The solar cycle has a great influence on space weather, and a significant influence on the Earth's climate since the Sun's luminosity has a direct relationship with magnetic activity.[36] Solar activity minima tend to be correlated with colder temperatures, and longer than average solar cycles tend to be correlated with hotter temperatures. In the 17th century, the solar cycle appeared to have stopped entirely for several decades; few sunspots were observed during this period. During this era, known as the Maunder minimum or Little Ice Age, Europe experienced unusually cold temperatures.[37] Earlier extended minima have been discovered through analysis of tree rings and appear to have coincided with lower-than-average global temperatures.[38]

"MOST current literature on solar activity assumes that the planets do not affect it, and that conditions internal to the Sun are primarily responsible for the solar cycle. Bigg1, however, has shown that the period of Mercury's orbit appears in the sunspot data, and that the influence of Mercury depends on the phases of Venus, Earth, and Jupiter."[39]

"It is shown that starting with the alignment of Venus with Jupiter at perihelion position, these two planets will perfectly align at Jupiter's perihelion after every 23.7 years".[40]
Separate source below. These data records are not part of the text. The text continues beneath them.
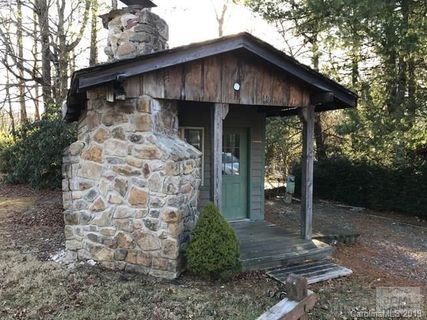 80 Pine Valley
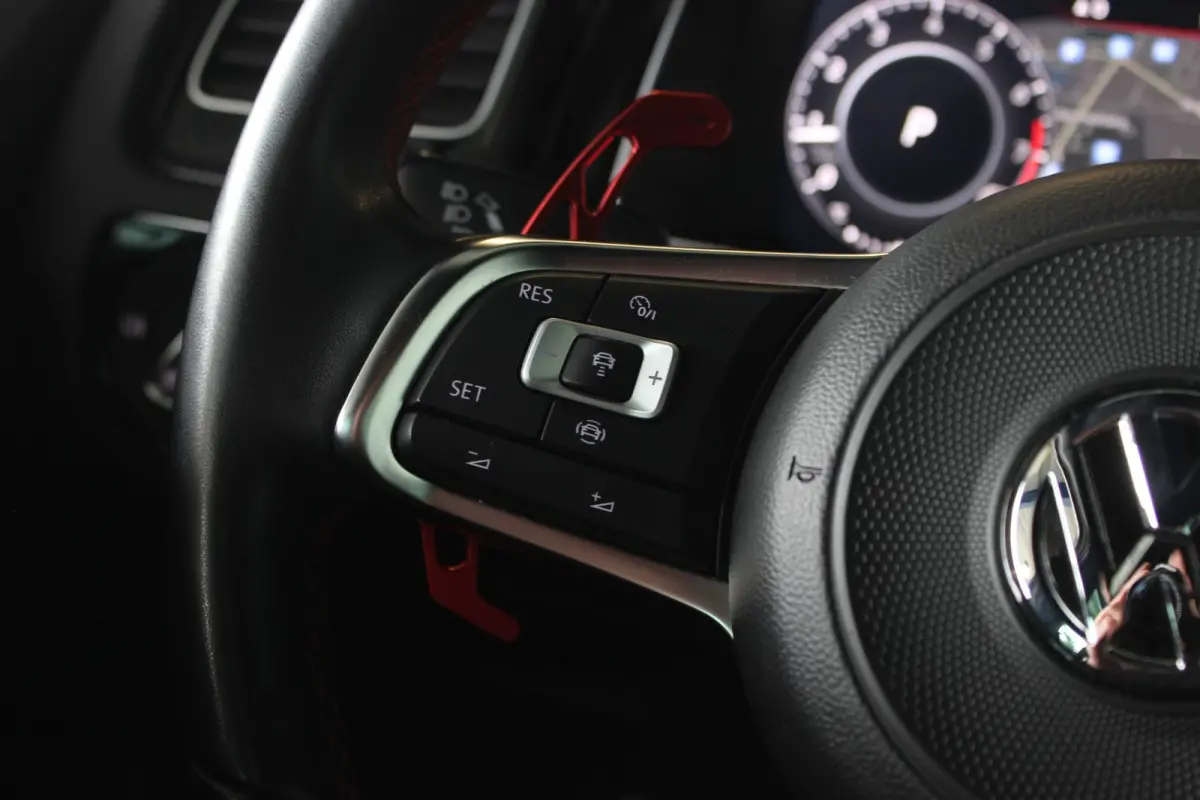 2.0 TSI GTI Performance NL-Auto | Milltek | Dynaudio | Carplay | Virtual Cockpit | Camera | LED | Adapt. Cruise | 19" LMV | PDC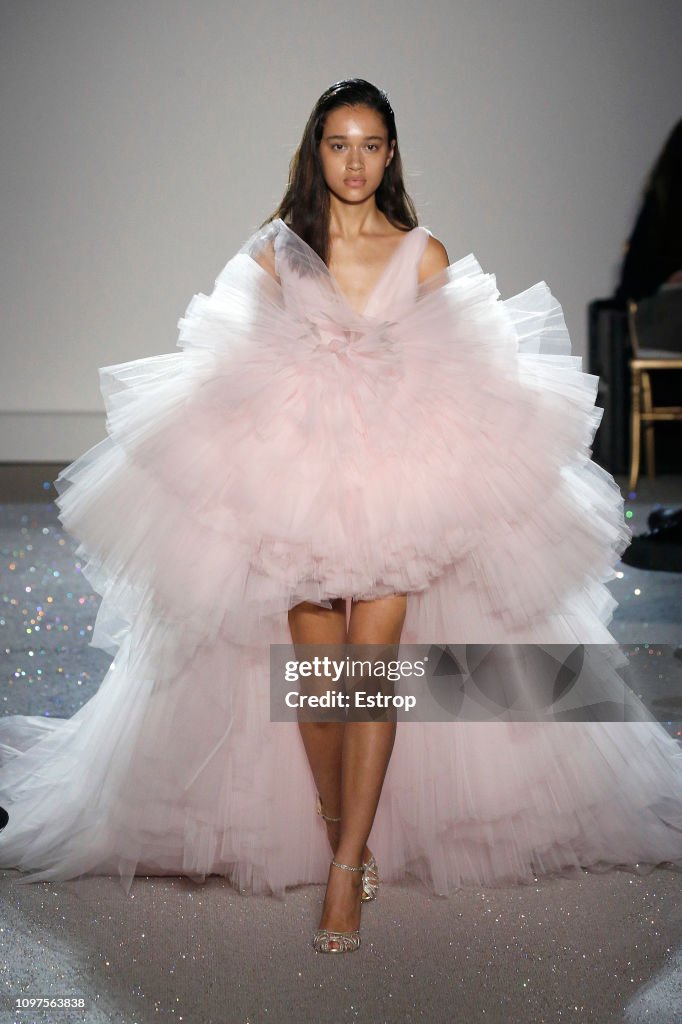 Giambattista Valli : Runway - Paris Fashion Week - Haute Couture Spring Summer 2019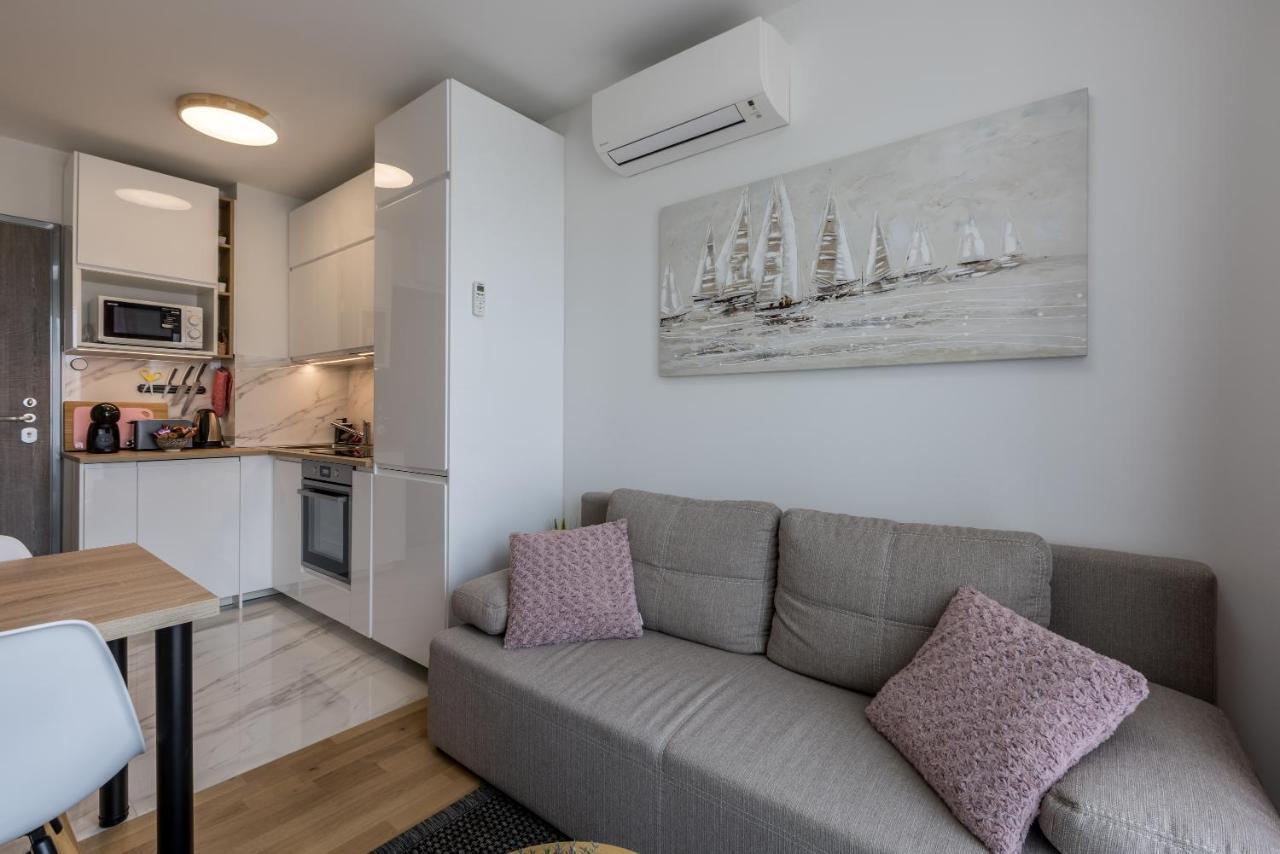 B Apartment *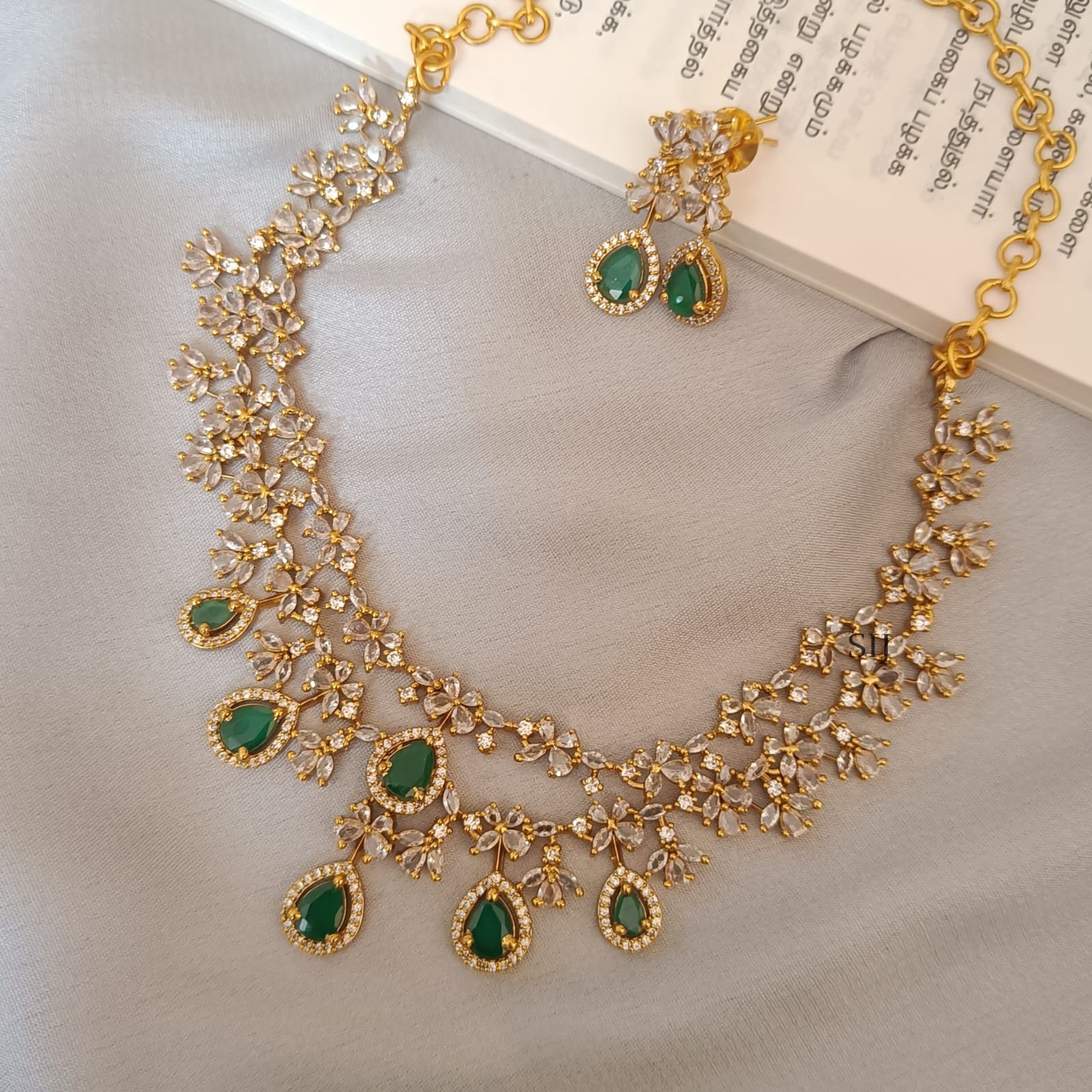 Traditional Two Layer Green Necklace Set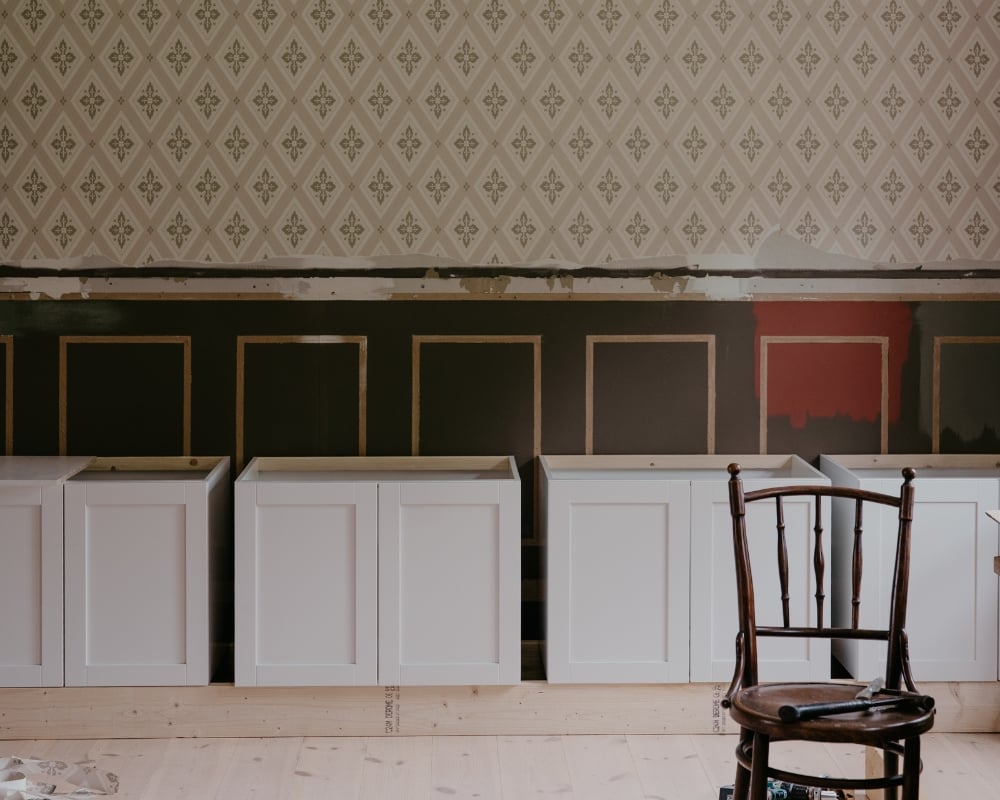 platsbyggd hylla under konstruktion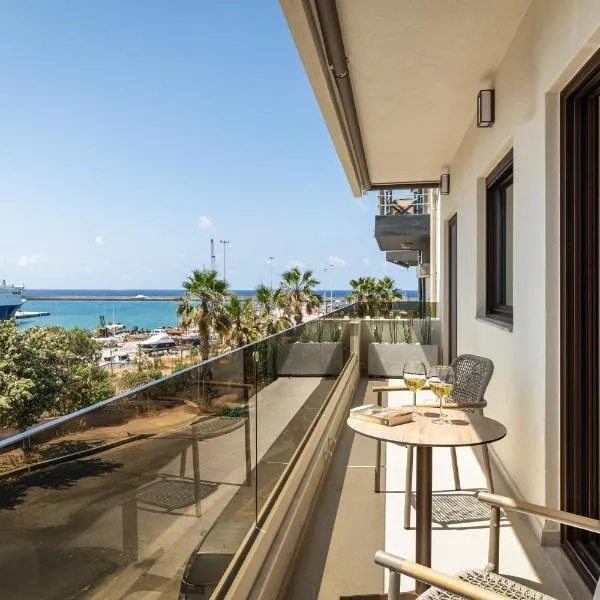 Twelve Luxury Living by 8essentially, hotel u gradu Heraklion
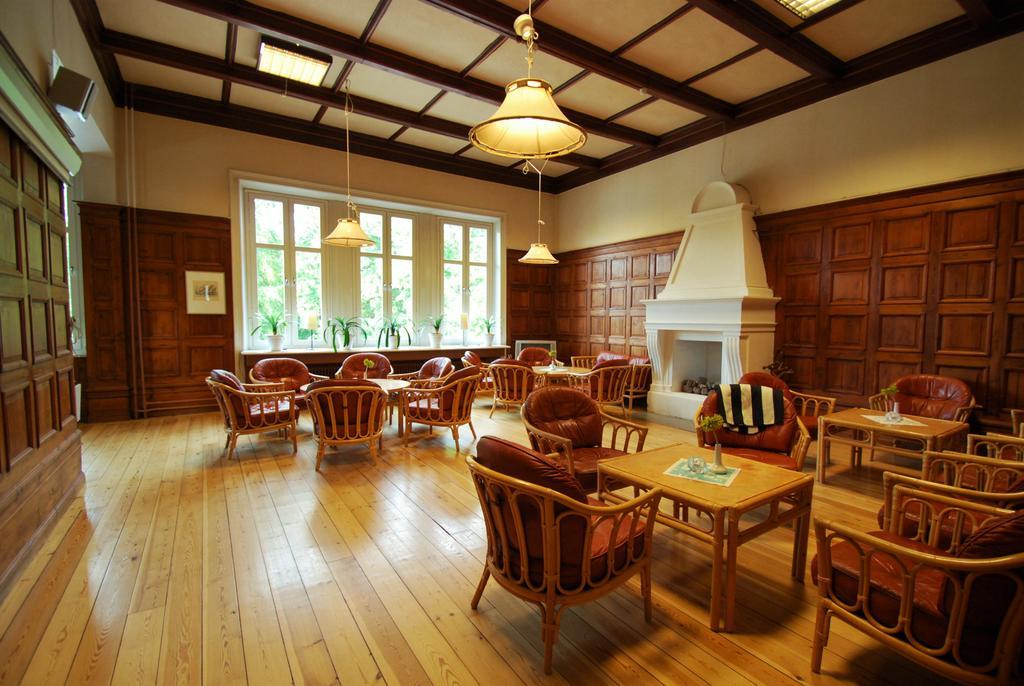 Hotel Hellidens Slott Tidaholm Zewnętrze zdjęcie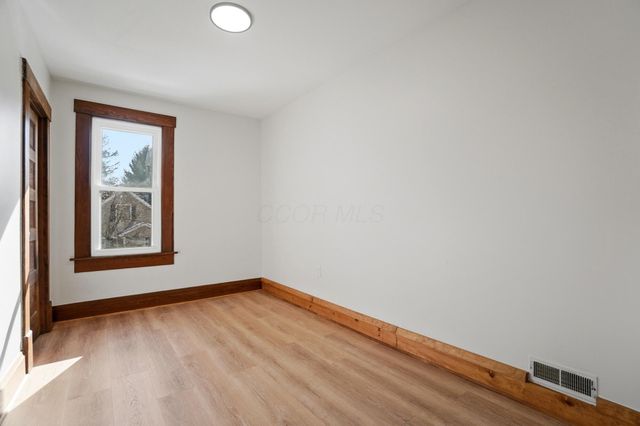 332 E Mithoff Street, Columbus, OH 43206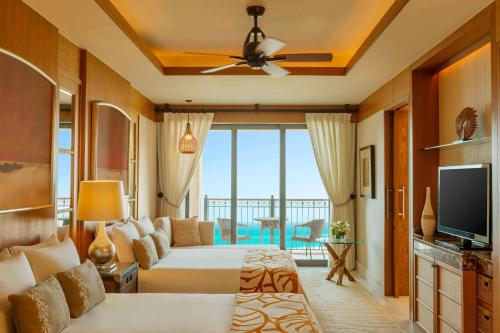 阿布扎比阿布扎比萨迪亚特岛瑞吉度假酒店的酒店客房设有两张床和一个阳台。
"The tidal forces hypothesis for solar cycles has been proposed by Wood (1972) and others. Table 2 below shows the relative tidal forces of the planets on the sun. Jupiter, Venus, Earth and Mercury are called the "tidal planets" because they are the most significant. According to Wood, the especially good alignments of J-V-E with the sun which occur about every 11 years are the cause of the sunspot cycle. He has shown that the sunspot cycle is synchronous with the alignments, and J. Schove's data for 1500 year of sunspot maxima supports the 11.07 year J-V-E period average."[41]

"Both the 11.86 year Jupiter tropical period (time between perihelion's or closest approaches to the sun and the 9.93 year J-S alignment periods are found in sunspot spectral analysis. Unfortunately direct calculations of the tidal forces of all planets does not support the occurrence of the dominant 11.07 year cycle. Instead, the 11.86 year period of Jupiter's perihelion dominates the results. This has caused problems for several researchers in this field."[41]

"[B]y assuming a harmonic variation having a period of 11.13 years ... the phases of such a variation [in polar diameter minus equatorial diameter of the Sun] coincide to within one-fifth of a year with the phases of the sun-spot fluctuations; that, at times corresponding to minimum of sun-spottedness, the polar diameter is relatively larger; that, at times of maximum sun-spottedness, the equatorial diameter is relatively larger. The amplitude of the variation is extremely small, but its reality would seem to be established. [This] at least renders the existence of such periodic fluctuations in the shape of the sun more probable than their non-existence."[42]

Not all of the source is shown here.